How do you do that? Our editors looked at dozens of companies that employ effective customer strategy and tactics. We settled on four companies that have been able to connect differentiated customer strategy with successful financial and customer metrics. All four have "branded" their customer strategy. Southwest Airlines has taken a common customer loyalty practice (frequent flyer miles) and put its own stamp on it. Instead of offering redeemable deals on everything from flights to cell phone minutes, at Southwest, you get points toward free flights and upgrades, and that's it. Southwest's competitive business strategy of providing no-frills, efficient customer service at the lowest possible price is enhanced by its unique approach to customer retention.

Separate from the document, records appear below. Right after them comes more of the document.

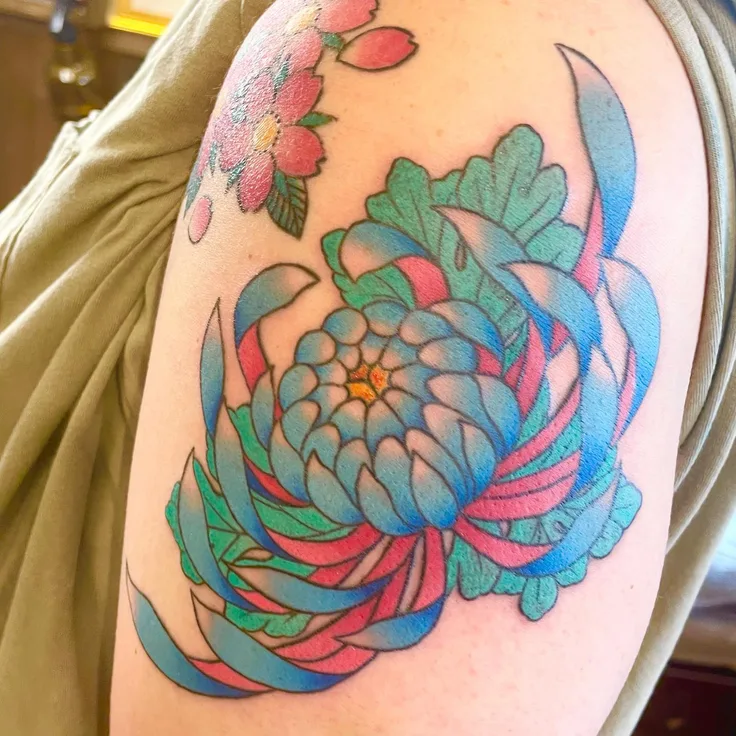 菊の和彫り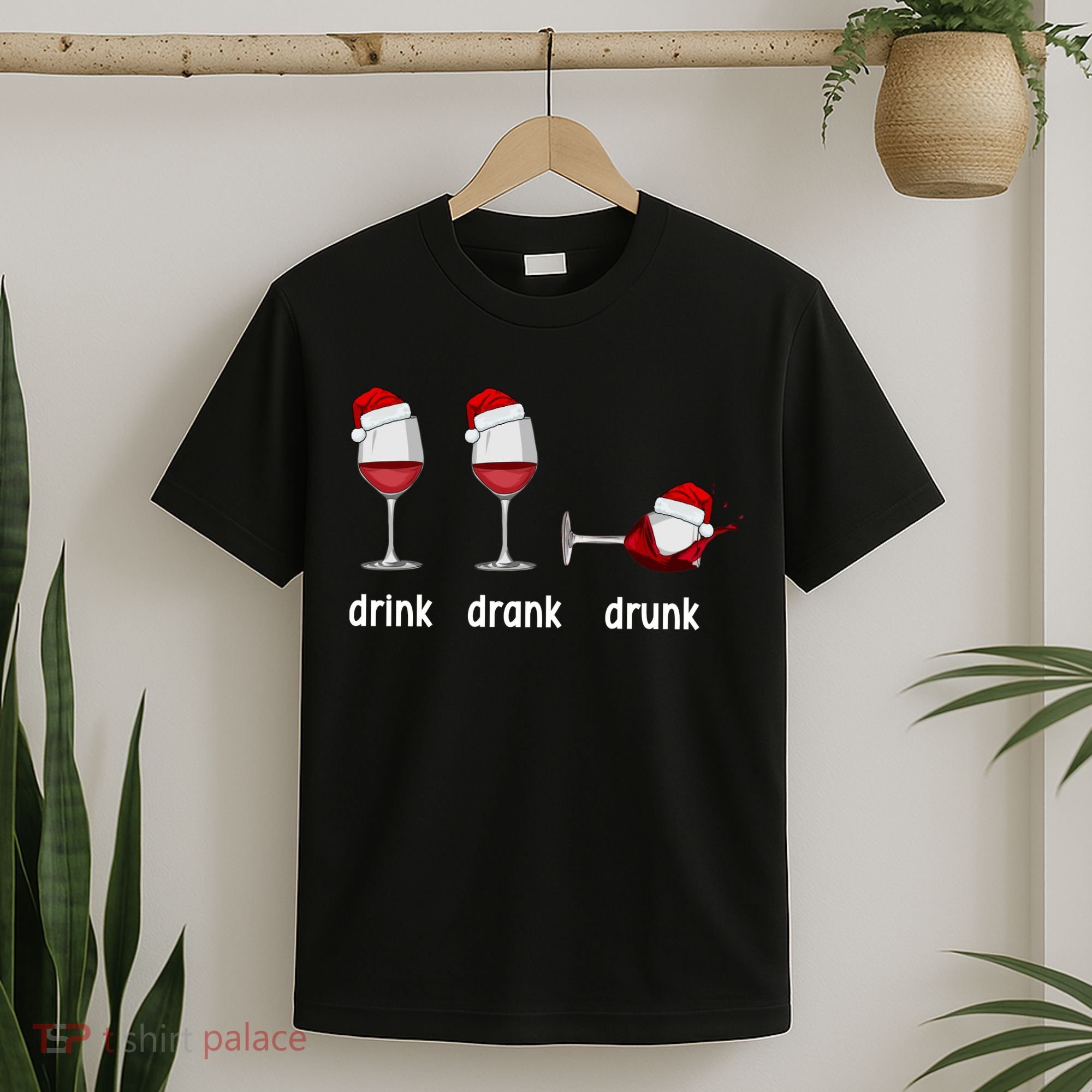 Funny Christmas Wine Grammar Verb Conjugation Party T-Shirt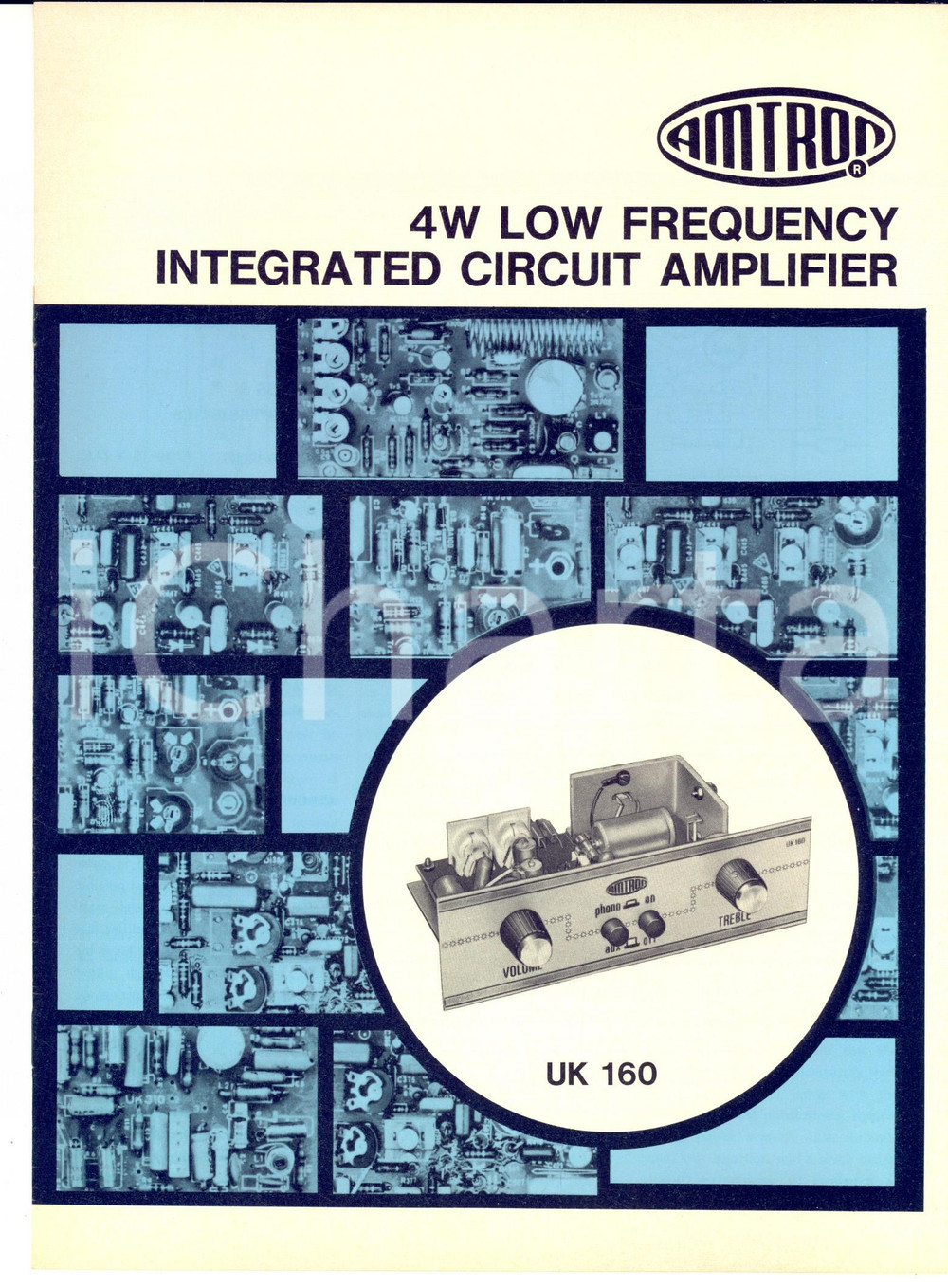 Materiale pubblicitario d’epoca 1970 ca MILANO 4W Low frequency amplifier AMTRON Catalogo English UK 160 1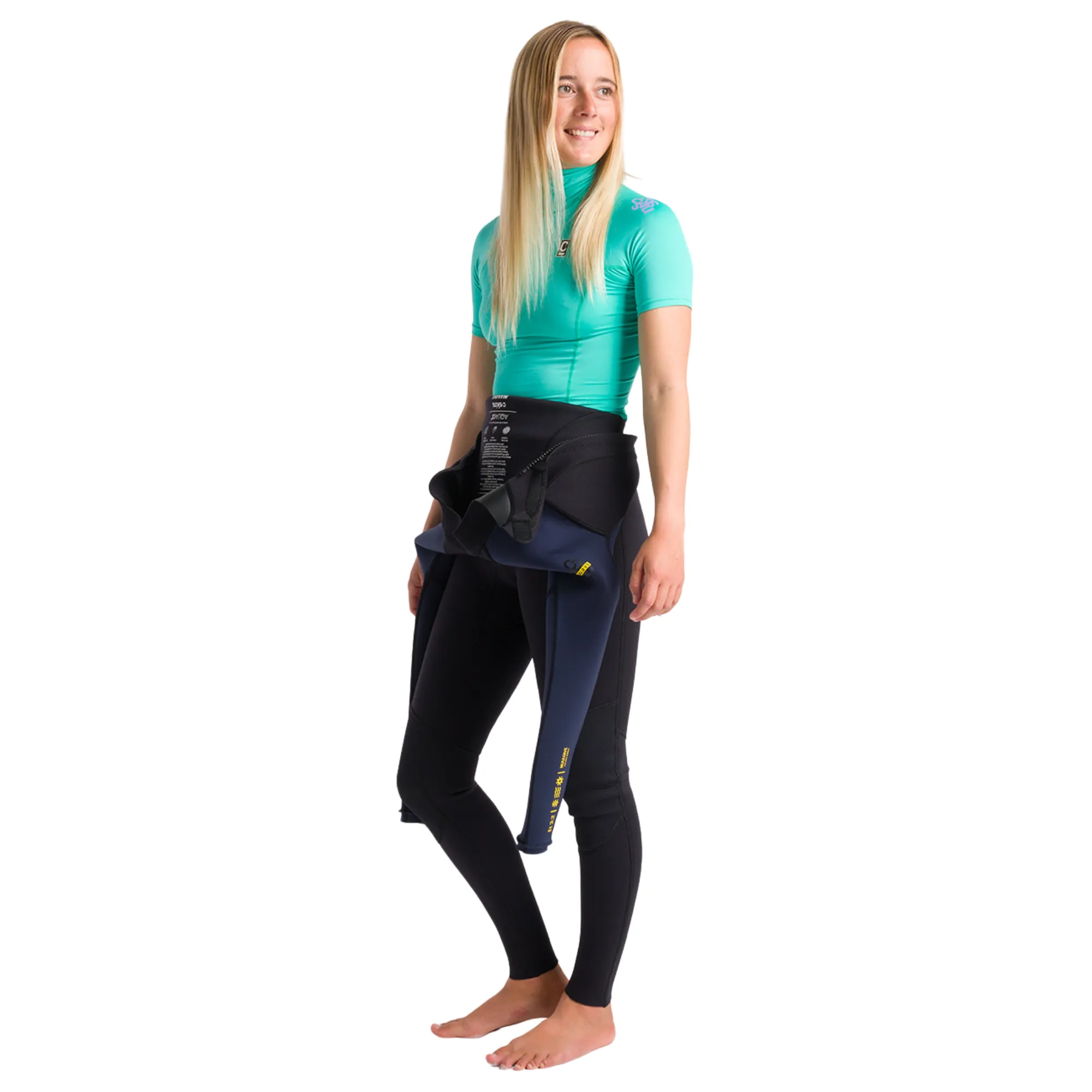 C-Skins Women's NuWave Rash X UPF50  Short Sleeve Rash Vest (Aqua/Lilac)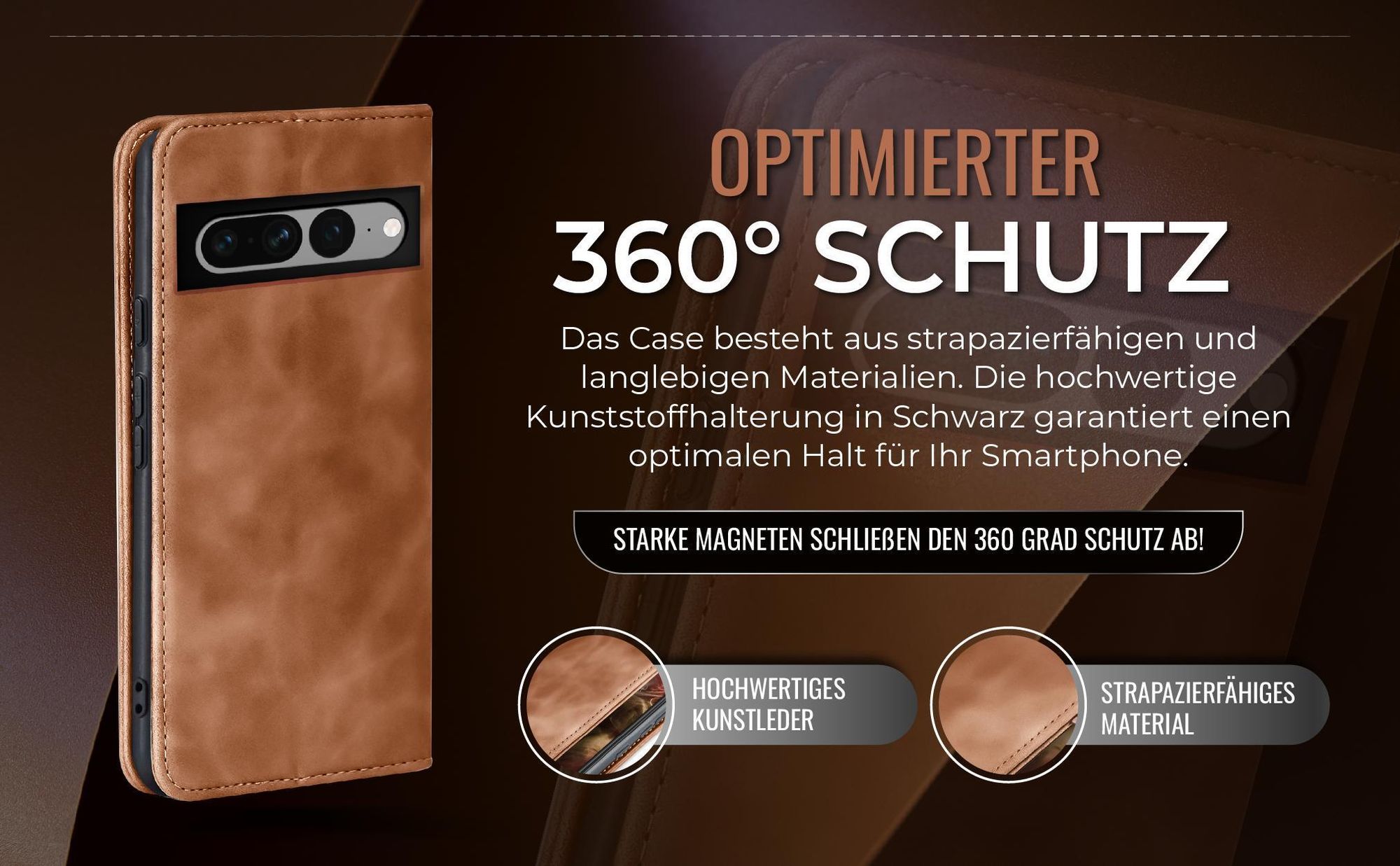 Hellbraune Handyhülle für Google Pixel 7 Pro mit 360 Grad Schutz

Another good example is Nordstrom's department stores. It takes the strategy of building customer intimacy to the high-end. Its foundational principle, "Building trust, one customer at a time" is enhanced by its unique approach to customer experience. Personal representatives are assigned to high-value shoppers. It caters to the upscale consumer who still wants the lowest price available, so it combines the right mix of product, good pricing and effective customer strategy. That's a winning combination. You can find elements in some of its competitors, but in putting it together, Nordstrom's defines its own competitive profile.
Effective competitors will align all areas of their business around customers. In the area of product leadership, keeping in touch with different customer behaviors and attitudes will enable an innovative company to spot new product ideas. It will allow you to redesign product offerings based on the most valuable customers. Lowest price competitors like Southwest can user customer insights to streamline their operations and better align their resources. And customer-intimate competitors can use customer insight to build "trusted advisor" relationships with their clients and customers.
Put differently, we can think of business competition as a strategy game. And strategy is simply a plan for succeeding in a hostile environment. If you focus your firm's efforts solely on the solution that is most appropriate to your vertical, you have to figure that every company within your industry is likely to focus on the same solution. If, on the other hand, your customer strategy flows also from your business strategy, then you are more likely to triumph.
So, don't consider a vertical solution to be a magic potion. Don't play the same game everyone else plays. Take notice of the best practices in your industry, but don't forget that your company has its own competitive profile, and its own needs. Don't sell short by overlooking your individuality.